The operating philosophy of the electricity supply industry has been changing from the unilateral supply way, with respect to the entire demand, to the demand management. Distributed generation is very important to conduct efficient demand management. If renewable power system exists as small-scale distributed generation universally, then such system is advantageous in terms of the stability of electricity. In this case, the power quality of small-scale renewable distributed generation system is much significant [1] - [3] . A few advantages of the multilevel inverter include high-quality generated output voltage waveform, reduced dv/dt stress, low electro-magnet compatibility, and improved system efficiency. As a result, several researchers have studied the multilevel inverter for the small-scale renewable distributed generation system [4] - [6] .
Residential electricity consumption in leading contries has reached approximately 30% of the total electricity consumption. Households installed with a renewable generation system have increased drastically. In terms of demand management, distribution generation system is proposed to have an increased power capacity and an energy storage mean. Moreover, many distributed generation systems would frequently supply electricity to the grid at peak load of the grid as per policy to help with the stable electric power demand management [1] - [3] . Therefore, applying multilevel inverter is necessary to improve power quality. A company recently launched a five-level inverter in the market. However, research on single-phase multilevel inverter is few compared with that on multilevel inverter of middle power capacity [4] , [7] , [8] .
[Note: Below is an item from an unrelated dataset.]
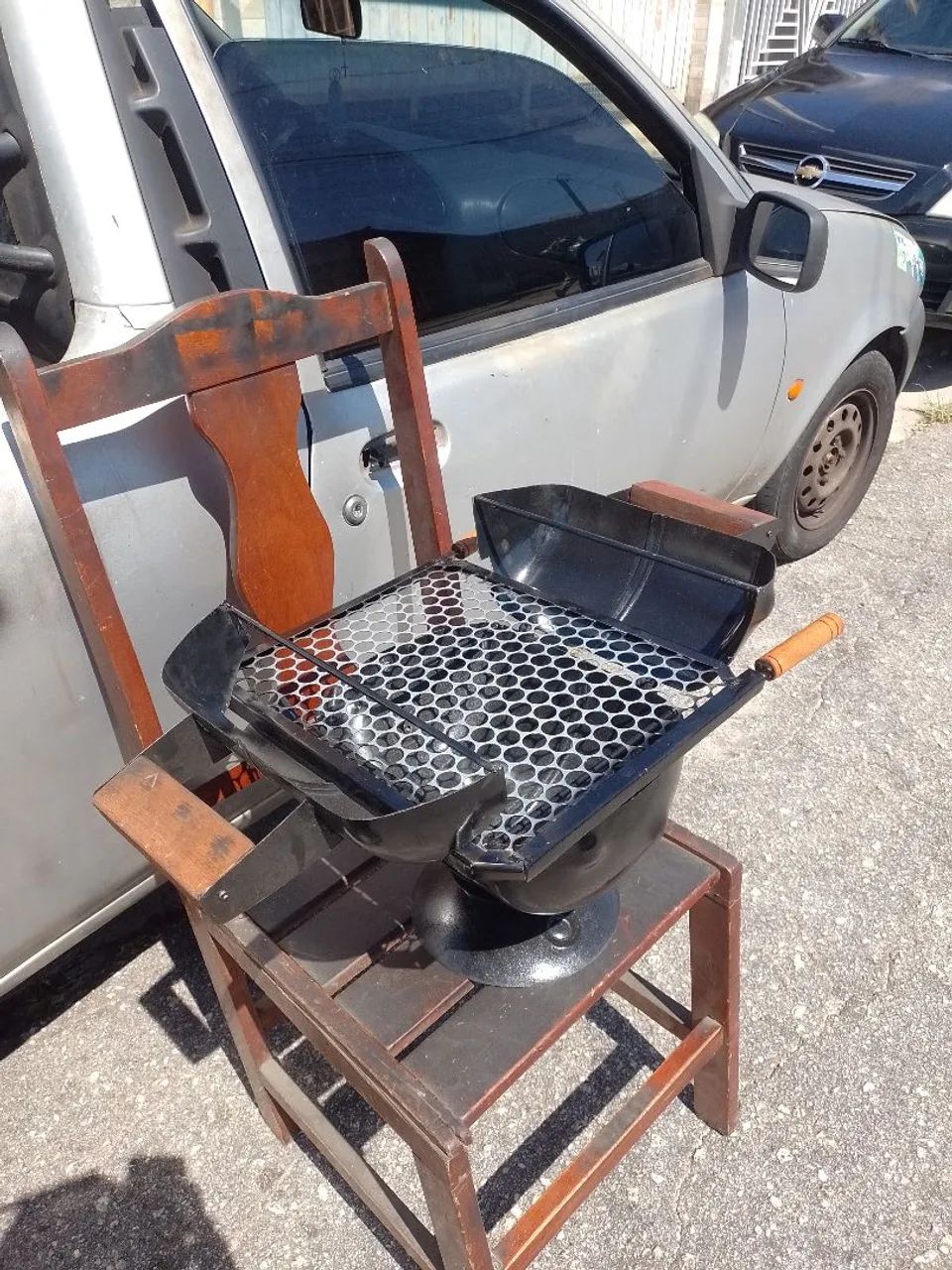 Churrasqueira para área externa - Foto 6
This paper proposes a single-phase multilevel inverter topology based on H-bridge. A proposed topology based on H-bridge uses bi-directional switches that divide the DC_Link into infinite numbers. The advantage of this topology includes having a number of devices lower than that of devices of a conventional multilevel inverter, but having the same quality of output voltage waveforms. In this paper, the proposed inverter topology is compared with that of the conventional multilevel inverters. The proposed inverter is also verified the performance of an output voltage waveform through analysis using the double Fourier series.
II. MULTILEVEL INVERTER
Conventional multilevel inverter topology mainly includes diode clamped multilevel inverter, flying capacitor multilevel inverter, and H-bridge multilevel inverter. To mainly use high voltage of middle power capacity, the topologies contain the switch groups. The switch groups, which are proportional to the number of the output voltage level, connect with each other in a series. Thus, each switch group has a reduced voltage as much as the number of series connection of the switch groups. However, as single-phase multilevel inverter topology is usually used in low in-output voltage application, research of this topology has been performed to lower cost by reducing the number of devices rather than reducing the collector-emitter voltage of the switch. The single-phase multilevel topology could be categorized as based on two types of basic structures, namely, H-bridge and half-bridge. Commercialized low-voltage multilevel inverter based on half-bridge is known as five-level inverter, as shown in Fig. 1 (a). Conventional five-level diode clamped inverter is depicted in Fig. 1 (b) [4] - [6] .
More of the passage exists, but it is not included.